Estonian Swedes want statue of Roman Toi erected on song festival grounds
In connection with the 100th birthday of Estonian composer and choral conductor Roman Toi on June 18, the Estonian National Congress of Sweden (REL) submitted a proposal to the Estonian Government to commission and install a statue of him next to the iconic statue of fellow composer and conductor Gustav Ernesaks on the Tallinn Song Festival Grounds.
Roman Toi’s activity as a choral conductor, composer and organizer in Germany’s postwar DP camps, in exile in the Canadian cities of Montreal and Toronto and at international ESTO festivals has been compared to Ernesaks’ decades of contributions in occupied Estonia, the congress told Estonian online news portal ERR.ee.

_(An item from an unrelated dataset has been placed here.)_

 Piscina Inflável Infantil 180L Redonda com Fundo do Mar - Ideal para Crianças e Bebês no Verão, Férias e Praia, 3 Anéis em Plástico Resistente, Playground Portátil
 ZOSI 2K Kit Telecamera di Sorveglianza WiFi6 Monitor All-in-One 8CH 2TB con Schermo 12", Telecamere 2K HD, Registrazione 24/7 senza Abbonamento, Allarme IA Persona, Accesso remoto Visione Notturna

The REL pointed out that the two composers were both honored by being chosen as the honorary conductors of the first free song festival to be held again in 1990, as the occupation of Estonia was ending. “Toi brought with him to Estonia not only his [Toronto-based] mixed choir ‘Estonia’ but also the Juhan Aavik chorale ‘God Save Estonia’ (‘Hoia, Jumal, Eestit’), which had been previously banned in Estonia, and which the public demanded be sung again a total of three times,” wrote the congress.

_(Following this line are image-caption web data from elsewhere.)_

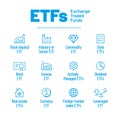 ETF Exchange Traded Funds vector infographic design. Trendy modern flat linear vector ETF icon, ETF collection, outline vector Royalty Free Stock Photo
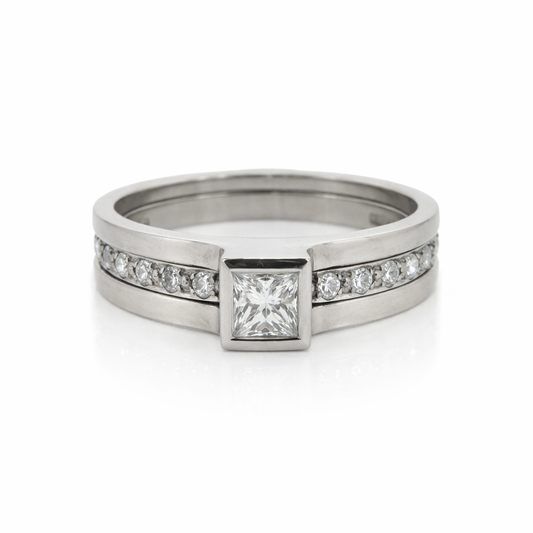 Unity Diamond Engagement and Wedding Rings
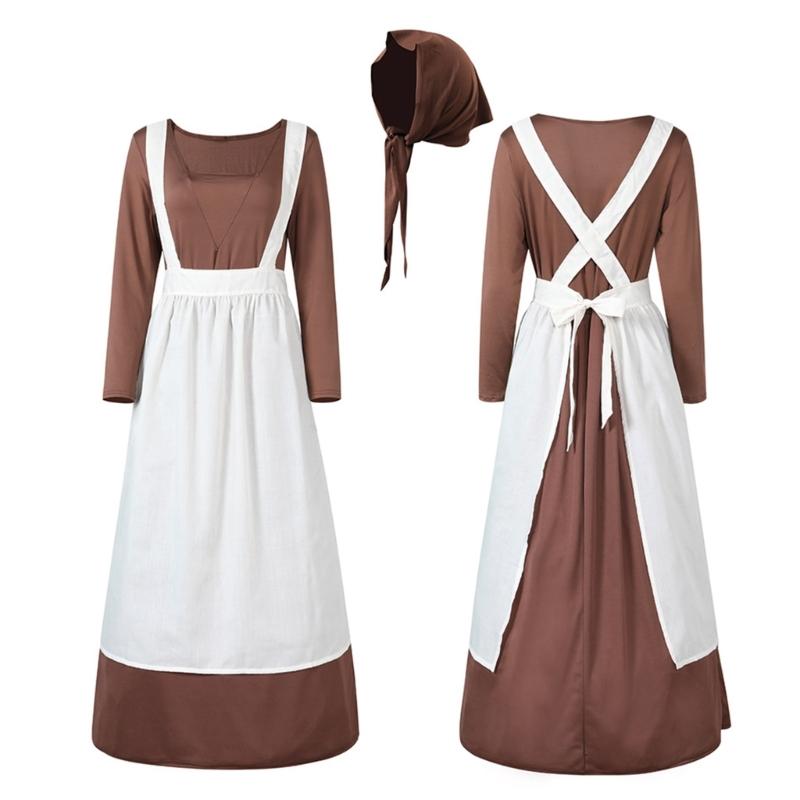 Halloween Maid Costume Set Includes French Maid Apron Maid Dress and Headscarf Set for Women, Kitchen Cooking Apron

According to the Estonian Swedes, the statue of a contemplative Ernesaks on the song festival grounds symbolizes the indomitable spirit of the song festival tradition during difficult times, and they found that Toi personified the enthusiasm, joy and brilliance of the steadfastly patriotic and democratic song festivals of Estonians in the West.
The REL found that it would be highly appropriate for a statue of Toi to join that of Ernesaks on the song festival grounds, particularly in recognition of Estonians being scattered across the globe and the emotions experienced upon meeting one another once again.